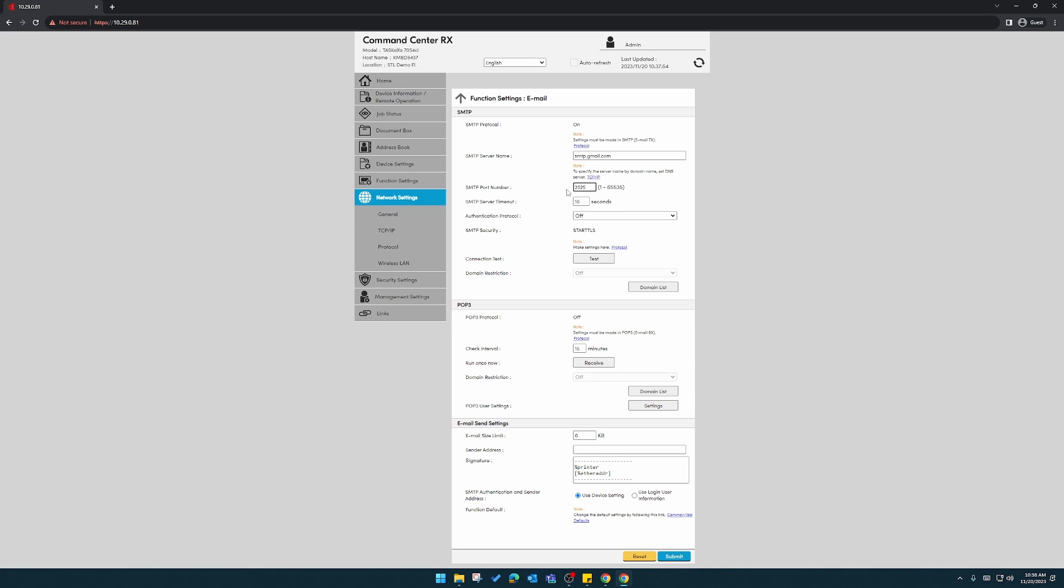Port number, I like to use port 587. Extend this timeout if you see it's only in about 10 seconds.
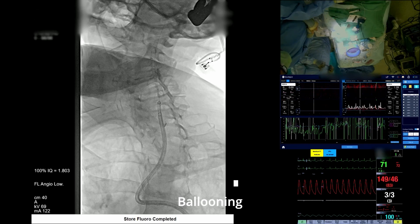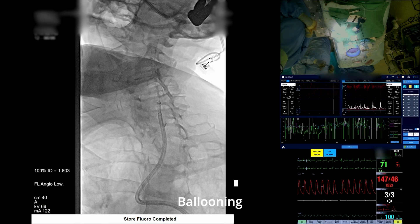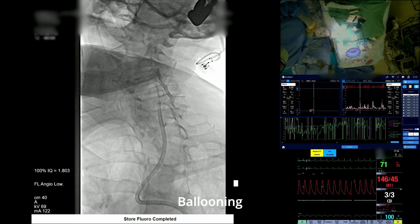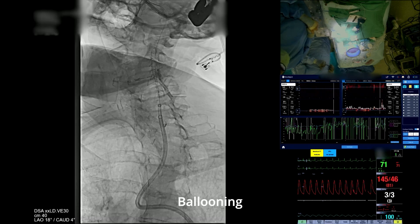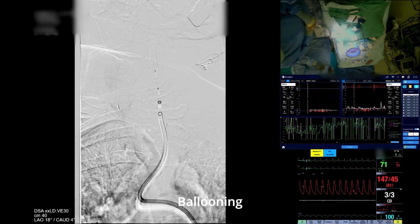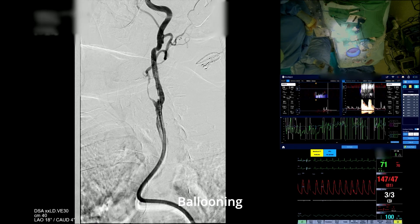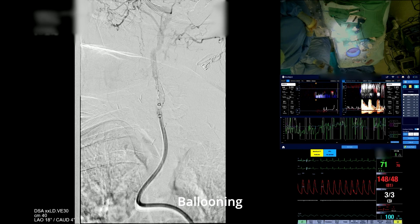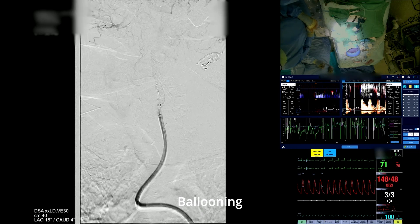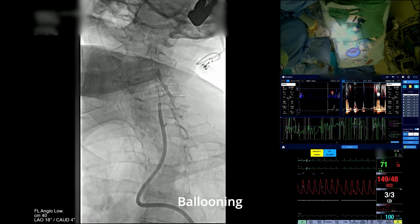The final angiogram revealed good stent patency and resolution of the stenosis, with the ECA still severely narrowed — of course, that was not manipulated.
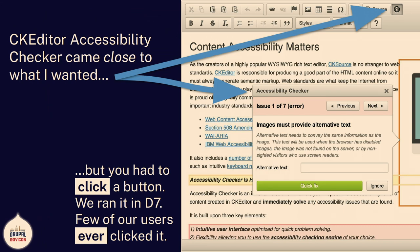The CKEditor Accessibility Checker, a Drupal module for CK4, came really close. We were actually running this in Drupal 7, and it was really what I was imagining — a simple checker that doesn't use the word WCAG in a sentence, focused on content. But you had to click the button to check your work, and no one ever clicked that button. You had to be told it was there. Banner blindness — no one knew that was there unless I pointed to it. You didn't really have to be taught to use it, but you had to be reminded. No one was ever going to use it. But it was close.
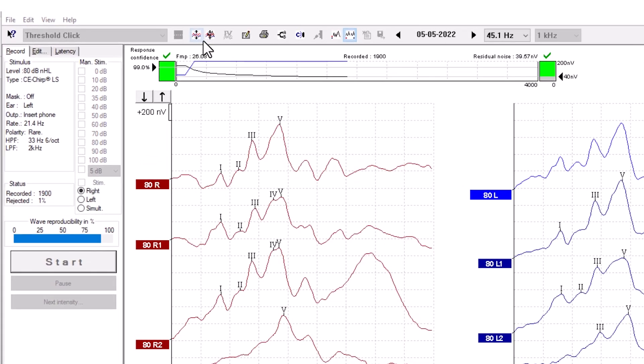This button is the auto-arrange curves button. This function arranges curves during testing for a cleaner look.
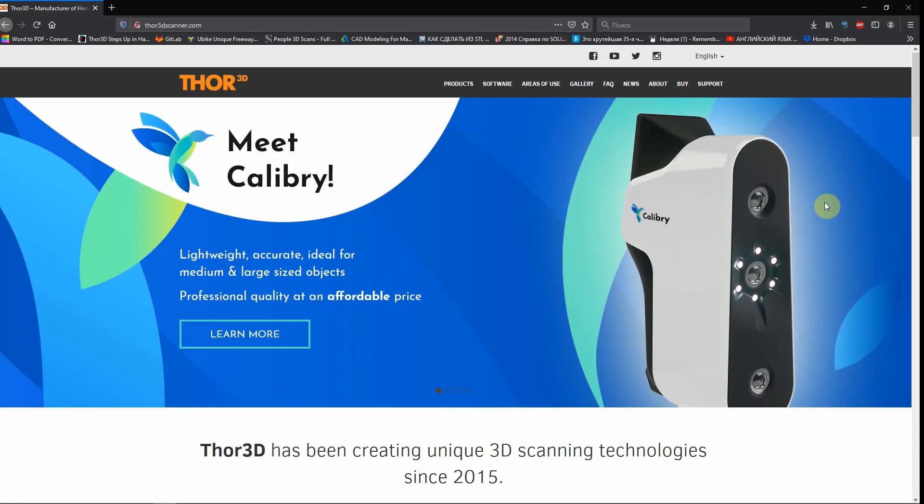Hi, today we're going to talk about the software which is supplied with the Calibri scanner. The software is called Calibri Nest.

- - - - - - -

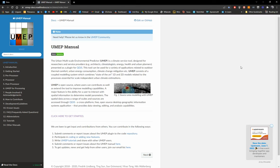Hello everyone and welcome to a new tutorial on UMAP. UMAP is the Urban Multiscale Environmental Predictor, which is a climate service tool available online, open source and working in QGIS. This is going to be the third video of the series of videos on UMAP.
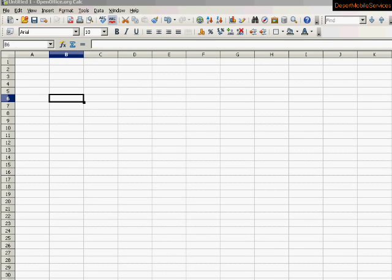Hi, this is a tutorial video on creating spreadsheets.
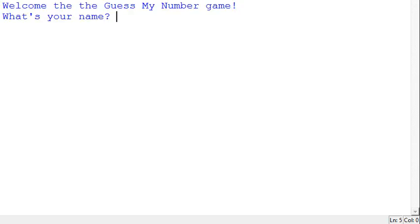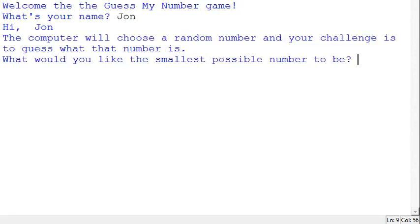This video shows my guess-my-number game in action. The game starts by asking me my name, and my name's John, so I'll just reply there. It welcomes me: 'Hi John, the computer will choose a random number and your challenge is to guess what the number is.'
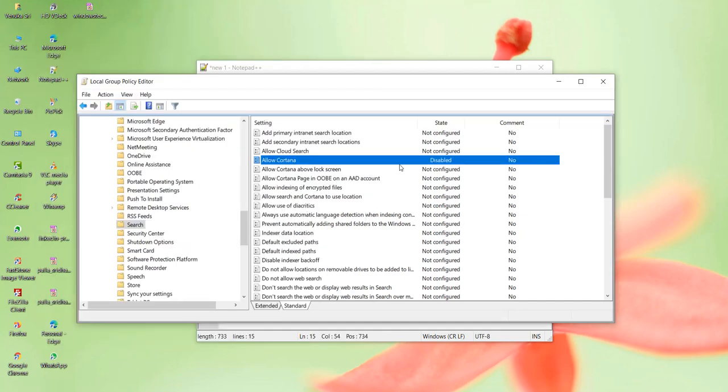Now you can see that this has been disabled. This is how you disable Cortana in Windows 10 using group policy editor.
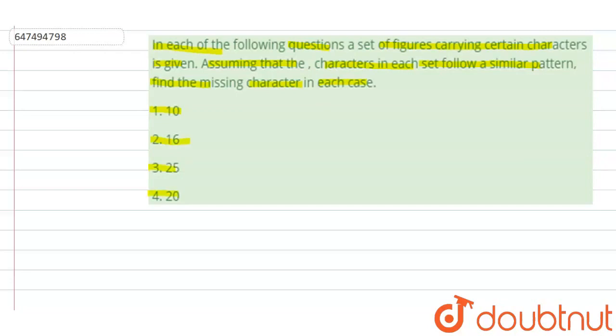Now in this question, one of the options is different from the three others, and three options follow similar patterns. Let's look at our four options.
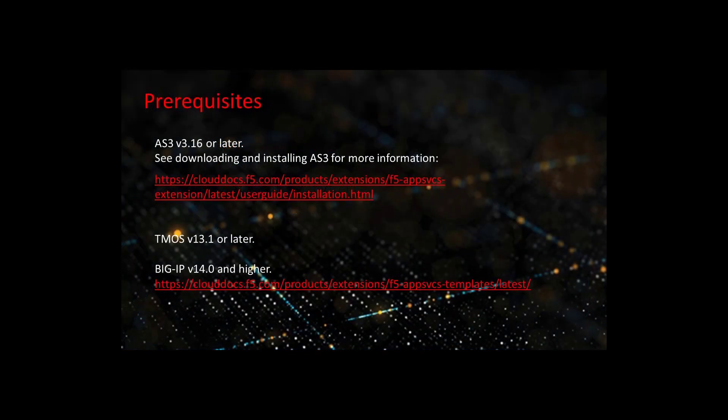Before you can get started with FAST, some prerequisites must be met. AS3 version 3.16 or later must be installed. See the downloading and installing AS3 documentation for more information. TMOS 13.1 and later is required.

- - - - - - -

Output exactly the lines above that lie between the line with "This video shows" and the line with "Before you can", those two lines included, and no pictures.

**ANSWER FOR THE TASK**
This video shows my guess-my-number game in action. The game starts by asking me my name, and my name's John, so I'll just reply there. It welcomes me: 'Hi John, the computer will choose a random number and your challenge is to guess what the number is.'
Now you can see that this has been disabled. This is how you disable Cortana in Windows 10 using group policy editor.
Now in this question, one of the options is different from the three others, and three options follow similar patterns. Let's look at our four options.
Before you can get started with FAST, some prerequisites must be met. AS3 version 3.16 or later must be installed. See the downloading and installing AS3 documentation for more information. TMOS 13.1 and later is required.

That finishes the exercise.